Thanks for that Jogguk Like you say, nothing much on 15" rims. There doesn't seem to be a grippy block tread that has the carrying capacity needed by most motorhomes. Back in the 1960's there used to be a tyre produced by Firestone called "Town & Country" which had remarkably good grip, but |I suspect the load index was not too impressive, just like it's modern day counterparts.


----------



## winchman (Sep 9, 2010)

Being from the off roading world I can tell you wet grass can be very difficult and embarrasing when you habe your modded off roader stuck LOL
I now use these Marix Pumas
http://www.marix.it/prodotti_dettaglio_eng.php/idcat=22/idsottocat=56/id=14/lingua=1
Fantastic on grass and off road, very good last winter in the snow and ice.
They are very quiet too, often good off road tyres are very noisy.
They do a good assortment of 15" too most Suzuki owners fit them
I pay £50 each inc P+P from here
http://www.sowdentyres.co.uk/


----------



## Tco (Sep 9, 2010)

Thanks for that too. Same problem of course, LI is only 100 which equates 800Kg/tyre. They look nice and grippy though, I see the reccommendation is they spend 80% of their time off road and 20% on metalled surfaces.

Tco


----------



## winchman (Sep 10, 2010)

Tco said:


> I see the reccommendation is they spend 80% of their time off road and 20% on metalled surfaces.
> 
> Tco


Most off roaders who use these do so as they perform just like a road tyre on the road, the life is shorter though.
On my Vitara they drive like road tyres but in the mud and snow they are excellent.
Give Sowden tyres a call, its a husband and wife outfit who are very helpful and Mark really knows his stuff, they have very good customer service and will help out even if they cant sell you something I have known them put a lot of effort in to helping people as they believe you may one day come back.


----------



## Tco (Sep 10, 2010)

Thanks for that but if you read back you will see that I have fitted Vredesteins so they will hopefully last for at least another five years.


----------



## winchman (Sep 10, 2010)

Tco said:


> Thanks for that but if you read back you will see that I have fitted Vredesteins so they will hopefully last for at least another five years.

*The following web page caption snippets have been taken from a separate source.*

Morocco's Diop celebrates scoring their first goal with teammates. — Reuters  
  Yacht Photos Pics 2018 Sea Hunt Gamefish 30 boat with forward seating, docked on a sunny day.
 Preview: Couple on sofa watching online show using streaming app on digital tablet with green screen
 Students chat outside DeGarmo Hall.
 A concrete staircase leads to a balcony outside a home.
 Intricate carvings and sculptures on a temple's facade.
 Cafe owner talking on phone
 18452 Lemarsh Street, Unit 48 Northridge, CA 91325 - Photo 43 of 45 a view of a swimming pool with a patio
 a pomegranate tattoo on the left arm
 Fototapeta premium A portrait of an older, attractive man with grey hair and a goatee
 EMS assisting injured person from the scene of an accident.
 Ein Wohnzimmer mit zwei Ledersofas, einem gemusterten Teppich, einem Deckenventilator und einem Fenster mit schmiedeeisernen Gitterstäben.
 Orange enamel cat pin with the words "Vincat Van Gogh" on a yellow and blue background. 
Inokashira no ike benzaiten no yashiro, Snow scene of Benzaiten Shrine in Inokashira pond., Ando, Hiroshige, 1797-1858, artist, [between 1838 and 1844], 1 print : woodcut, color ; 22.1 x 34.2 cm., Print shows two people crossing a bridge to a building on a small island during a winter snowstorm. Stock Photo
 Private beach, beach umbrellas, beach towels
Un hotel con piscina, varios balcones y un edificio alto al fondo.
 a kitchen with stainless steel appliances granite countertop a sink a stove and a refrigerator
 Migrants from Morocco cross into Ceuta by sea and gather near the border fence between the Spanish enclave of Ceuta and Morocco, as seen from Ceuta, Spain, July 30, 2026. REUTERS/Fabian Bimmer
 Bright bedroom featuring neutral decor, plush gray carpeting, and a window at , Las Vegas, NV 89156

I did see that, I have them them on one of my trailers and they are very good, but I found them hard to find?
Just giving you the Sowden link for future.


----------



## Croftland1 (Sep 10, 2010)

In answer to the original question, yes I have used my snow chains on grass and they were extremely effective. Despite gentle persuasion and forward/backward rocking, the tyres had broken traction one at a time and dug a very slight depression in the soft ground, giving no chance of self recovery without extra grip. I fitted the chains and drove straight out, no messing. The secret is still low revs and patience: if you rev the arse out of it, you will obviously just dig yourself in deeper.
The nuisance part of using chains on grass is washing all the clart and grass roots out of the chain links afterwards!!


----------



## Kontiki (Sep 13, 2010)

Only tried snow chains when we lived in the USA & that was on snow. The ones we had were awkward to fit & even worse to get off . I have a nice button on my dash for snow &  mud, all I can say is it has got us out of trouble a few times on mud. Not too sure what it does but it engages 2nd gear (it's a 6 speed automatic)  & I think it is some kind of limited slip diff. all I can say is I'm thankful I've got it.


----------



## Zozzer (Sep 18, 2010)

John Thompson said:


> The yellow pads are OK if you put them under the wheels as you park to help stop the drive wheels sinking into the ground.  They also give some traction to get you moving.  If you haven't got enough momentum to keep going once off them, then it's other methods as they are no good once you are stuck.
> 
> John


 
I'm a firm believer of parking up on the yellow pads if the ground apears soft or wet, and if gentle on the throttle you shouldn't any problems moving.  Where some people fall down is stopping well before they have reached more solid ground.  I wouldn't go anywhere without my Fammia mud grips.


----------



## Norris (Sep 19, 2010)

Croftland1 said:


> In answer to the original question, yes I have used my snow chains on grass and they were extremely effective. Despite gentle persuasion and forward/backward rocking, the tyres had broken traction one at a time and dug a very slight depression in the soft ground, giving no chance of self recovery without extra grip. I fitted the chains and drove straight out, no messing. The secret is still low revs and patience: if you rev the arse out of it, you will obviously just dig yourself in deeper.
> The nuisance part of using chains on grass is washing all the clart and grass roots out of the chain links afterwards!!


 
Thanks for taking the time to reply and thanks for being direct, I think I will try a pair, best regards.


----------



## mick dundee (Sep 20, 2010)

Spikes Spiders have saved me from a tow at a few festivals (mate had to wait for gandalph's tractor at Knockengorroch). Found it essential to put on before parking up. As with earlier posts don't gun it our your chains will suffer and you could lose some rubber tread.

PS: I do not condone theft so if you can _source_ some plastic bread baskets with the lattice type base, cut out the base and use them as an alternative to the fiamma type grips, they work well and I used them to help some stranded vans get moving this winter in the ski centre car parks.


----------